Using renderer: notebook_connected


In [3]:
pio.templates['plotly'].layout.xaxis.title.font.size = 20
pio.templates['plotly'].layout.yaxis.title.font.size = 20
pio.templates['plotly'].layout.title.font.size = 30

In [4]:
import circuitsvis as cv
# Testing that the library works
cv.examples.hello("Dashiell")

In [5]:
# Import stuff
import torch
import torch.nn as nn
import torch.nn.functional as F
import torch.optim as optim
import numpy as np
import einops
from fancy_einsum import einsum
import tqdm.auto as tqdm
import random
from pathlib import Path
import plotly.express as px
from torch.utils.data import DataLoader

from torchtyping import TensorType as TT
from typing import List, Union, Optional
from functools import partial
import copy

import itertools
from transformers import AutoModelForCausalLM, AutoConfig, AutoTokenizer
import dataclasses
import datasets
from IPython.display import HTML

In [6]:
import transformer_lens
import transformer_lens.utils as utils
from transformer_lens.hook_points import (
    HookedRootModule,
    HookPoint,
)  # Hooking utilities
from transformer_lens import HookedTransformer, HookedTransformerConfig, FactoredMatrix, ActivationCache

Plotting helper functions:

In [7]:
def imshow(tensor, renderer=None, xaxis="", yaxis="", **kwargs):
    px.imshow(utils.to_numpy(tensor), color_continuous_midpoint=0.0, color_continuous_scale="RdBu", labels={"x":xaxis, "y":yaxis}, **kwargs).show(renderer)

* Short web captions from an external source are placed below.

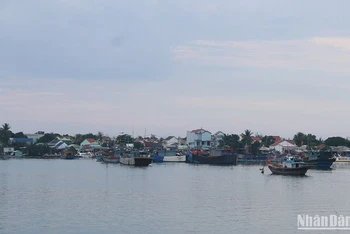 Quảng Nam tổ chức cấm biển kể từ 7 giờ ngày 25/9, đến nay, nhiều tàu thuyền đã vào nơi trú ấn.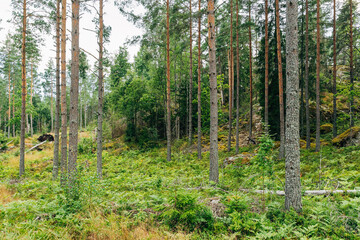 Swedish Forests – Lush Scandinavian Wilderness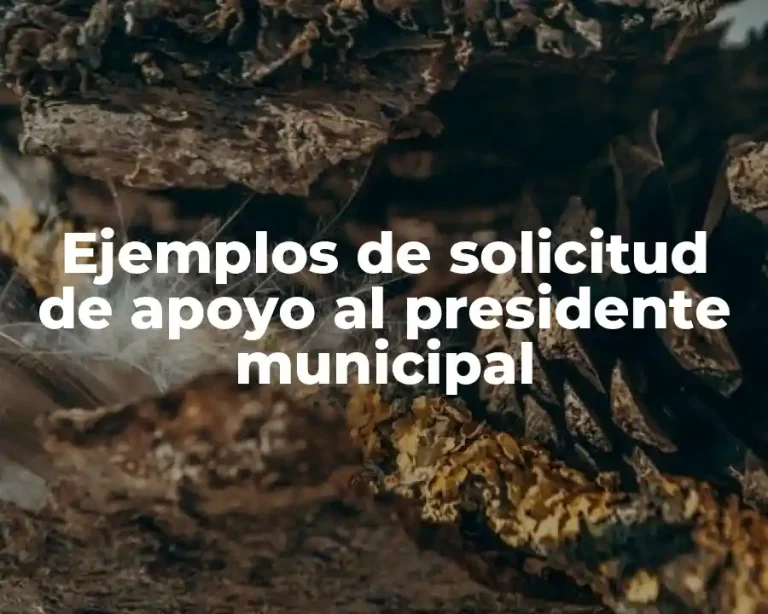 Ejemplos de solicitud de apoyo al presidente municipal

def line(tensor, renderer=None, xaxis="", yaxis="", **kwargs):
    px.line(utils.to_numpy(tensor), labels={"x":xaxis, "y":yaxis}, **kwargs).show(renderer)

def scatter(x, y, xaxis="", yaxis="", caxis="", renderer=None, **kwargs):
    x = utils.to_numpy(x)
    y = utils.to_numpy(y)
    px.scatter(y=y, x=x, labels={"x":xaxis, "y":yaxis, "color":caxis}, **kwargs).show(renderer)

# Model Training

## Config

In [8]:
p = 53
frac_train = 0.5

# Optimizer config
lr = 1e-3
wd = 1. 
betas = (0.9, 0.98)

num_epochs = 50000
checkpoint_every = 100

In [9]:
53 ** 4

7890481

## Define Task
* Define modular addition
* Define the dataset & labels

Input format:
|a|b|=|

In [10]:
# For p**4 elements add a d vector with l -> (i j k l)
a_vector = einops.repeat(torch.arange(p), "i -> (i j k l)", j=p, k=p, l=p)
b_vector = einops.repeat(torch.arange(p), "j -> (i j k l)", i=p, k=p, l=p)
c_vector = einops.repeat(torch.arange(p), "k -> (i j k l)", i=p, j=p, l=p)
d_vector = einops.repeat(torch.arange(p), "l -> (i j k l)", i=p, j=p, k=p) 
equals_vector = einops.repeat(torch.tensor(p), " -> (i j k l)", i=p, j=p, k=p, l=p)
star_vector = einops.repeat(torch.tensor(p+1), " -> (i j k l)", i=p, j=p, k=p, l=p)
plus_vector = einops.repeat(torch.tensor(p+2), " -> (i j k l)", i=p, j=p, k=p, l=p)
caret_vector = einops.repeat(torch.tensor(p+3), " -> (i j k l)", i=p, j=p, k=p, l=p)
lparen = einops.repeat(torch.tensor(p+4), " -> (i j k l)", i=p, j=p, k=p, l=p)
rparen = einops.repeat(torch.tensor(p+5), " -> (i j k l)", i=p, j=p, k=p, l=p)

In [11]:
dataset = torch.stack([
    lparen,
    a_vector,
    star_vector,
    b_vector,
    plus_vector,
    c_vector,
    rparen,
    caret_vector,
    d_vector,
    equals_vector], dim=1).cuda()
print(dataset[:5])
print(dataset.shape)

tensor([[57,  0, 54,  0, 55,  0, 58, 56,  0, 53],
        [57,  0, 54,  0, 55,  0, 58, 56,  1, 53],
        [57,  0, 54,  0, 55,  0, 58, 56,  2, 53],
        [57,  0, 54,  0, 55,  0, 58, 56,  3, 53],
        [57,  0, 54,  0, 55,  0, 58, 56,  4, 53]], device='cuda:0')
torch.Size([7890481, 10])


In [12]:
labels = ((dataset[:, 1] * dataset[:, 3] + dataset[:, 5]) ** dataset[:, 8]) % p
print(labels.shape)
print(labels[:5])

torch.Size([7890481])
tensor([1, 0, 0, 0, 0], device='cuda:0')


In [13]:
from torch.utils.data import TensorDataset, DataLoader

Convert this to a train + test set - 30% in the training set

In [14]:
torch.manual_seed(314159)
indices = torch.randperm(p**4)
cutoff = int((p**4)*frac_train)
train_indices = indices[:cutoff]
test_indices = indices[cutoff:]

train_data = TensorDataset(dataset[train_indices], labels[train_indices])
test_data = TensorDataset(dataset[test_indices], labels[test_indices])
print(train_data[5])
#print(train_labels[:5])
#print(train_data.shape)
print(test_data[5])
#print(test_labels[:5])
#print(test_data.shape)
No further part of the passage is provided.